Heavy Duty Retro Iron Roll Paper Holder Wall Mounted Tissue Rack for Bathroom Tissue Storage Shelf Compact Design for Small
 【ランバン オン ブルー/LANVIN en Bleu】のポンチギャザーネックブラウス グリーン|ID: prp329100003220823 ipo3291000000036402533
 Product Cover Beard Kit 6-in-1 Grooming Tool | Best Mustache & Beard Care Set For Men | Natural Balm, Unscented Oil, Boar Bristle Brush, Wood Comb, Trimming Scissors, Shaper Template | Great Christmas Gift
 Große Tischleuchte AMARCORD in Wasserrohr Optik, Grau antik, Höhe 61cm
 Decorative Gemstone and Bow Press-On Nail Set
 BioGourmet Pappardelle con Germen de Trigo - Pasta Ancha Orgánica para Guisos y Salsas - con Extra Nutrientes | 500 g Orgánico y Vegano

■ Assignment: What is wanted is every line from the first line of the entries through the line that contains "グリーン|ID: prp329100003220823 ipo3291000000036402533", given again exactly.

■ Task solution:
Heavy Duty Retro Iron Roll Paper Holder Wall Mounted Tissue Rack for Bathroom Tissue Storage Shelf Compact Design for Small
 【ランバン オン ブルー/LANVIN en Bleu】のポンチギャザーネックブラウス グリーン|ID: prp329100003220823 ipo3291000000036402533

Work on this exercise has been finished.